Между прочим. Вражды между армянами и грузинами никогда не было. Но дискуссии и споры — кто древнее, кто мудрее и кто лучше в футбол играет — были и будут всегда.
Секретарь Армянского союза кинематографистов кинорежиссер Фрунзик Давлатян позвонил мне и рассказал:
Пришла к ним первая копия “Мимино” для показа в Доме кино. Собрал он секретарей, сели смотреть. Грузины сняли армянина. Наверняка будет какая-нибудь подковырка. Смотрят. Появился армянин Рубик Хачикян — смешной, симпатичный. Следующая сцена — танцует. Неплохо танцует. Дальше — покрышку грузину отдал. Нормальный парень, не к чему придраться. Но вот грузин звонит из-за границы и говорит телефонистке, что хочет позвонить в Дилижан. А телефонистка говорит: “Это невозможно”. — “А в Телави?” — спрашивает грузин. “Да, конечно! Пожалуйста, говорите!” — говорит телефонистка. “Ага! Так и знали! В Дилижан невозможно, а в Телави — пожалуйста! Да кто этот ихний Телави знает? А Дилижан всемирно известный курорт!” Но недолго возмущались. Оказалось, что телефонистка перепутала Телави с Тель-Авивом. Кончилась картина, так ничего обидного и не нашли.
— Вот я звоню, потому что все просили тебя поздравить и поблагодарить за хороший фильм, — сказал Давлатян, — только товарищи из Дилижана просили тебя приехать сюда, чтобы ты понял, что вода в Дилижане не второе, а первое место в мире занимает!
Продешевил
Вообще-то в сценарии второе место в мире занимала вода не из Дилижана, а из Ленинакана.
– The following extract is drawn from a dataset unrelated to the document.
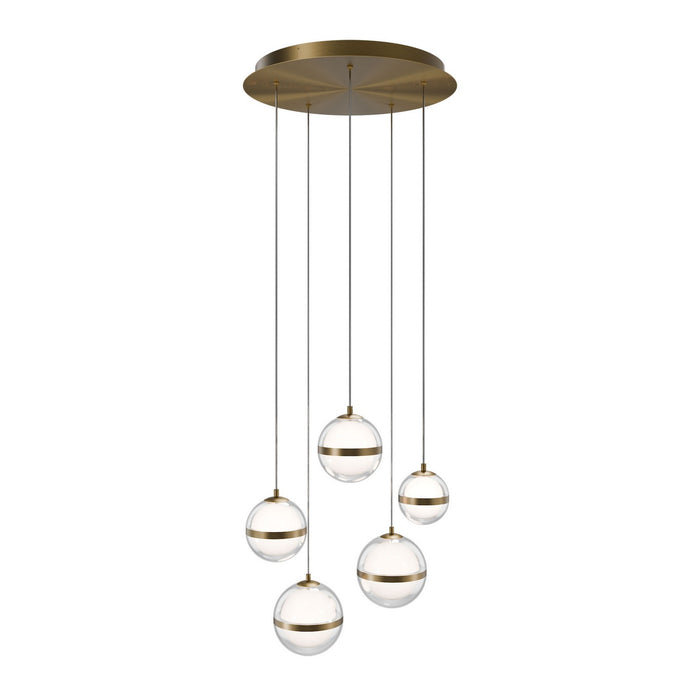 W.A.C. Lighting PD-77505R-AB LED Chandelier, Aged Brass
Но Гия Канчели попросил меня (он каждое лето ездил в Дилижан в Дом творчества композиторов писать свои симфонии):
— А нельзя сделать так, чтобы этот Хачикян был не из Ленинакана, а из Дилижана?
— Нельзя.
— Почему?
— Потому что Дилижан — курорт. А Хачикян не композитор, а шофер.
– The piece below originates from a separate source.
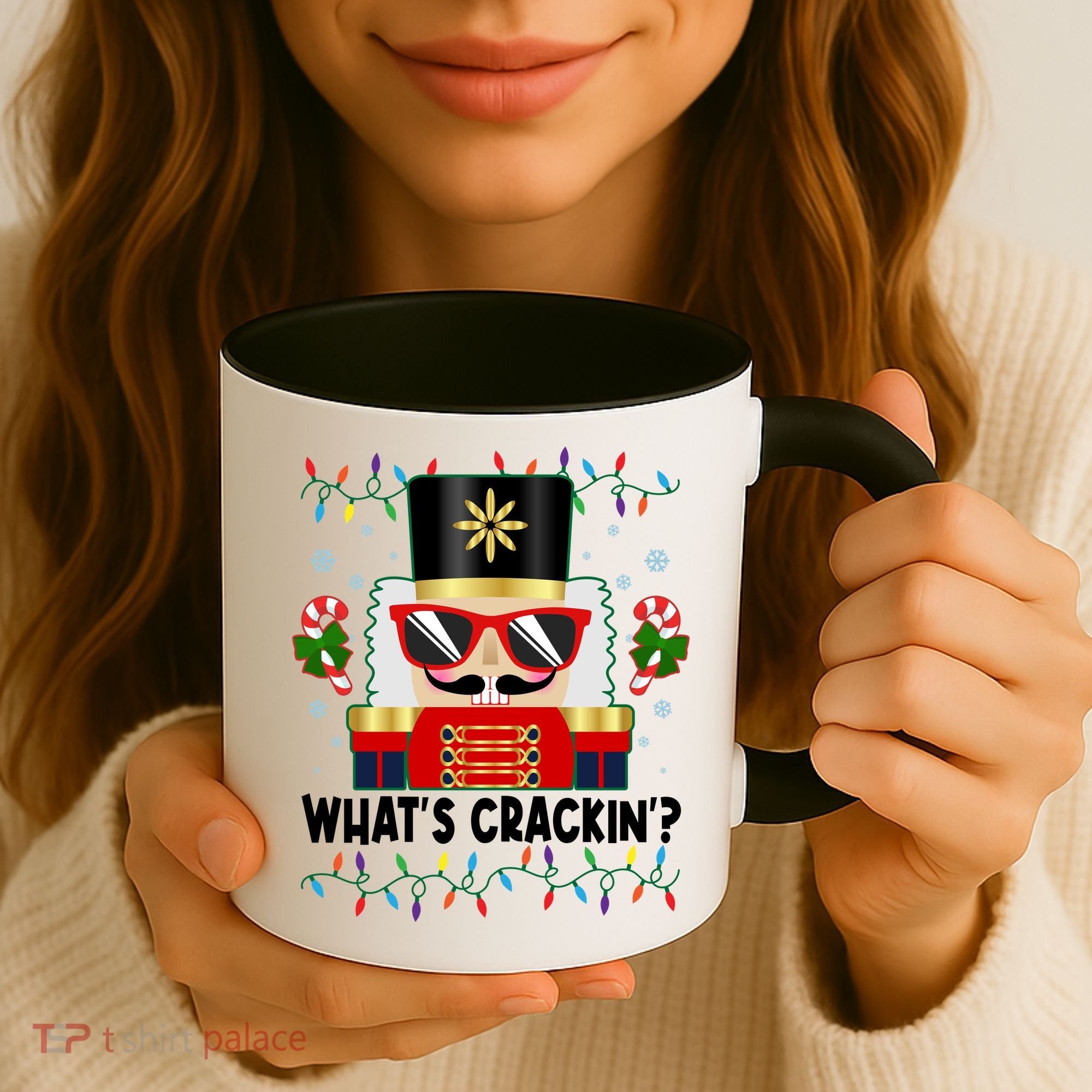 Funny Christmas Nutcracker Whats Crackin Coffee Mug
— Но в Дилижане тоже шоферы есть.
На Канчели была симпатичная курточка, похожая на толстовку.
— Ты где эту куртку купил? — спросил я.
— Не помню.
— Красивая, — сказал я. — Я как раз такую ищу.
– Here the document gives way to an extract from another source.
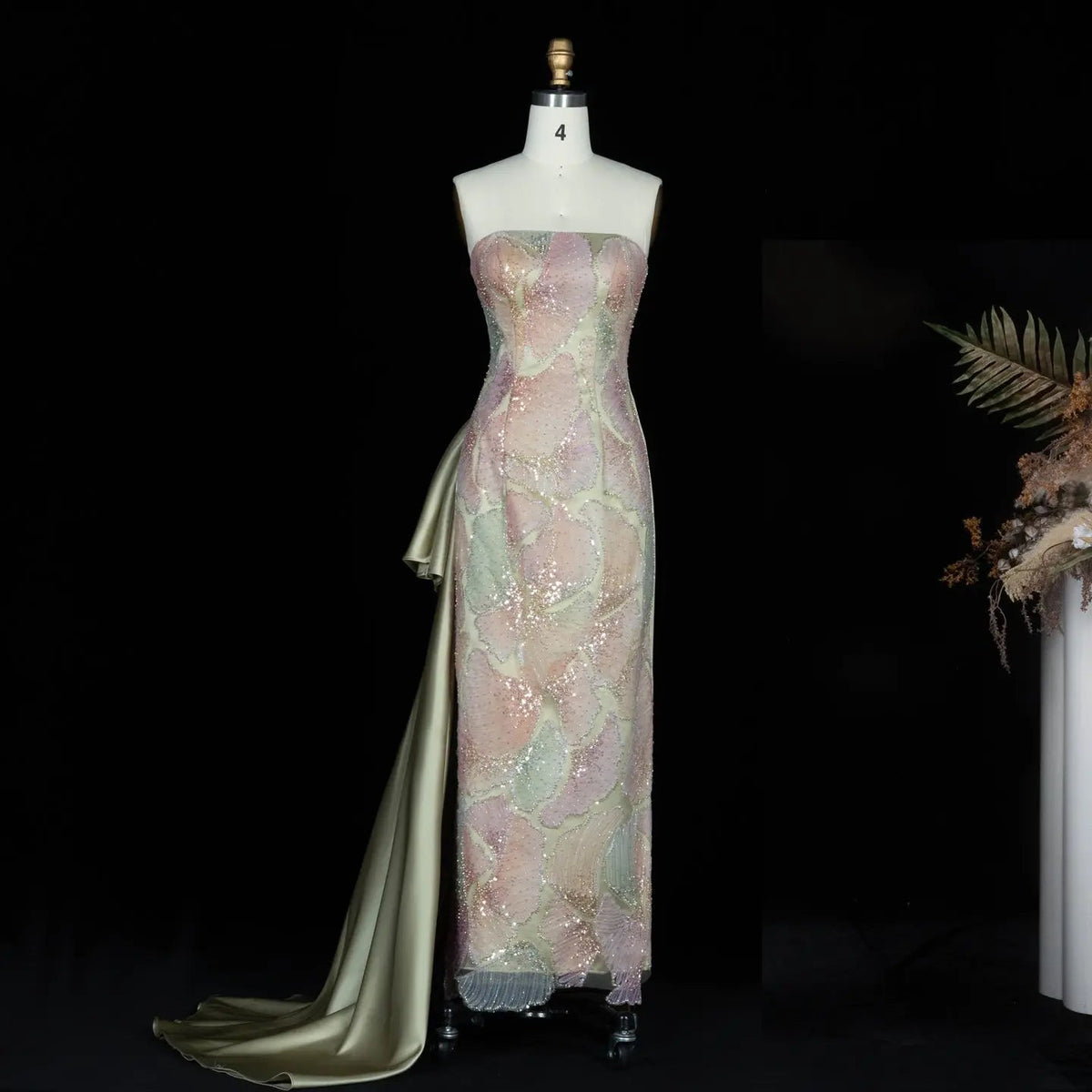 Sage Green Strapless Sparkly Sequin Maxi Dress with Cascading Satin Bow SS664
— На! — Канчели снял курточку и отдал мне. — Вымогатель!
Так Хачикян поселился в Дилижане.
Через много лет эта курточка нам с Резо Габриадзе пригодилась в Израиле, в Тель-Авиве, куда мы приехали писать сценарий фильма “Паспорт”. Там на второй день после приезда нас неожиданно пригласил к себе президент Израиля господин Герцог. У Резо тогда пиджака не было (не уверен, что он у него есть сейчас), а у меня с собой была курточка Гии Канчели, которую я заработал путем творческого компромисса. В номере было холодно (на полную мощность дул кондиционер), и я в ней спал. Мы погладили эту курточку, Резо надел ее, я завязал на нем галстук, и на приеме у президента Израиля мой друг выглядел официально и весьма импозантно. (Это был единственный раз, когда я видел на Резо галстук.)
Арчил
На роль сотрудника московской базы номер два Нукзара Папишвили я пригласил знаменитого “Золотого Остапа” — Арчила Михайловича Гомиашвили. Он согласился.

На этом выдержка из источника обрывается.